My cable bill hits $140 a month. That includes a $47 package of family cable channels, a digital services package, a digital set-top box, a digital recording service, Internet access, one phone line and $7.52 of taxes and fees. No payments for premium networks, such as Showtime or HBO.
And no payments to local television stations.
It gives me pause. I commiserate with Rocco Commisso at Mediacom Communications, Pat Esser at Cox Communications and other cable operators struggling to keep the price of their services down.
The average cable bill — TV, et al. — is around $80, according to the latest Federal Communications Commission report.
And it’s likely to ratchet up, now that broadcasters ranging from Les Moonves at CBS to the folks at Sinclair Broadcast Group are pushing hard for cash payments from multiple-system operators on a monthly, per-subscriber basis. Just as they pay for cable networks.

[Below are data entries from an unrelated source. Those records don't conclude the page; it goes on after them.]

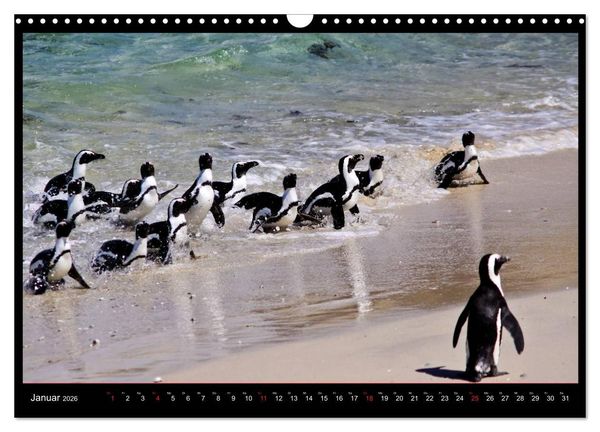 Produktbild: S&Uuml;DAFRIKA Augenblicke (Wandkalender 2026 DIN A3 quer), CALVENDO Monatskalender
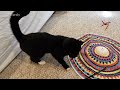 icymi caturday lucky ferals season 8 weeks 9 u0026 10 cat vlog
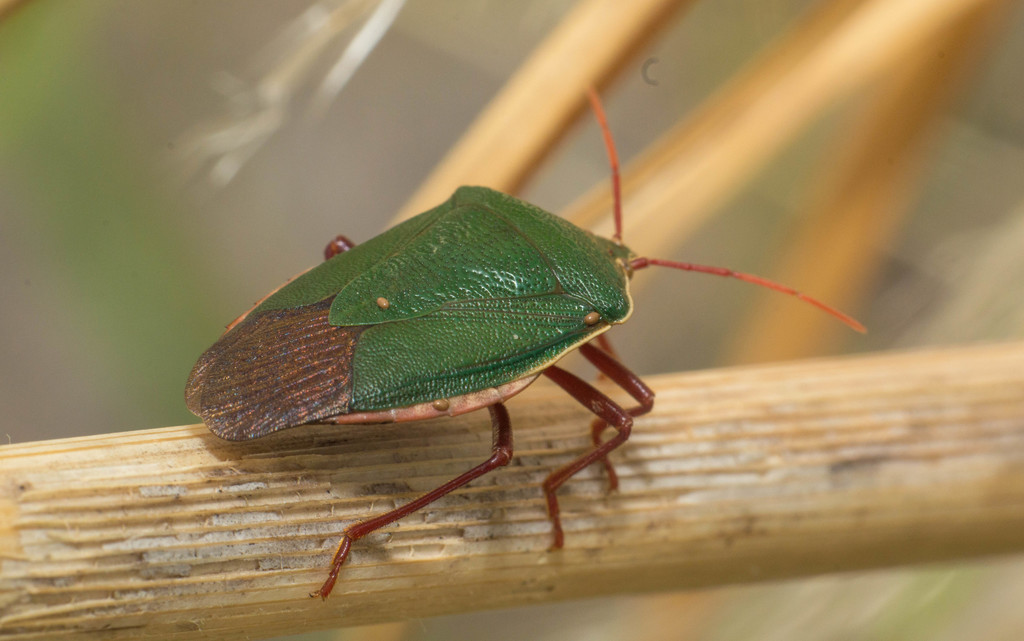 Red-bordered Stink Bug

But I am the “new normal” in cable: the triple-play customer. And I have to ask myself: how would I feel about the bill if it went up another $5 or $6, to continue to get local television stations? I would probably blanch.
Then pay it. ABC, CBS, NBC or Fox are still the sources of the highest quality programming on the tuner, day in, day out, hour in, hour out. There are scores of networks you could drop without noticing. But not that group.
Today, 85% of Americans pay for their television programming. Getting 50 cents to a $1 for each of those channels passed on to me does not make my head snap back. It ends up at the price of a couple Starbucks coffees a month.
Of course, other consumers’ heads — and pocketbooks — might snap back. The unfortunate part is that cable companies will take the blame for raising rates, when it’s the broadcasters who forced the hike.
Which is why it’s time to blow up the Cable Television Consumer Protection and Competition Act of 1992. You can’t say, 'you have to negotiate payments with the broadcasters,’ and not let a cable operator put their programming to the ultimate test: Will consumers pay, one by one, for your programming? Or for a local-TV-only tier?
Give customers the choice. Don’t force viewers to buy the broadcast channels, as part of basic service.
To provide that choice, cable operators have to have the right — like satellite competitors do — to place the stations in a local broadcast tier. Then, give the local stations payments based only on those viewers who directly choose to subscribe to them.
While we’re at it, let’s blow up the broadcast-affiliate network system. It’s archaic and inefficient. Why are we allowing the same amount of a scarce resource (spectrum) be used to serve 15% of the American population as we did 50 years ago for 100%? Or, more, if you count the spectrum being used in the transition to digital broadcasting?
Time to kill all broadcast towers. There’s ample capacity for the once broadly cast programmers to reach all U.S. households through satellite, cable and phone line. Put the spectrum — which J.H. Snider, research director at the New America Foundation, estimates to be worth $100 billion — to better use for the kinds of things over-the-air frequencies really should be be used for: Defense, emergencies and, in entertainment, filling iPods, cellphones and portable media players.
The broadcast affiliates will groan. But cable channels can be just as valid local programming producers and distributors. Make them your affiliates.
If broadcasters (or the FCC) won’t let consumers vote directly with their dollars, then don’t allow any payments to broadcasters at all.
If you want to deliver your programming free of charge to some portion of the population, then deliver it free of charge to all the population. Unless you make payments a clear choice for consumers.
It’s almost funny. Retransmission consent was part of a legislative effort to protect and encourage local programming on TV, when cable was the only real provider of multichannel video services in the United States.
For the benefit of retransmitting the signals of the Big Four networks, cable operators ended up taking on such channels as FX from Fox, ESPN2 from Disney-ABC or CNBC from NBC.
Fourteen years in, what did we get from the attempt by ABC, CBS, NBC and Fox to preserve local programming across the country?
More cable networks.
Which is probably a big reason why $5 now seems like only a drop in the bucket in a monthly cable bill.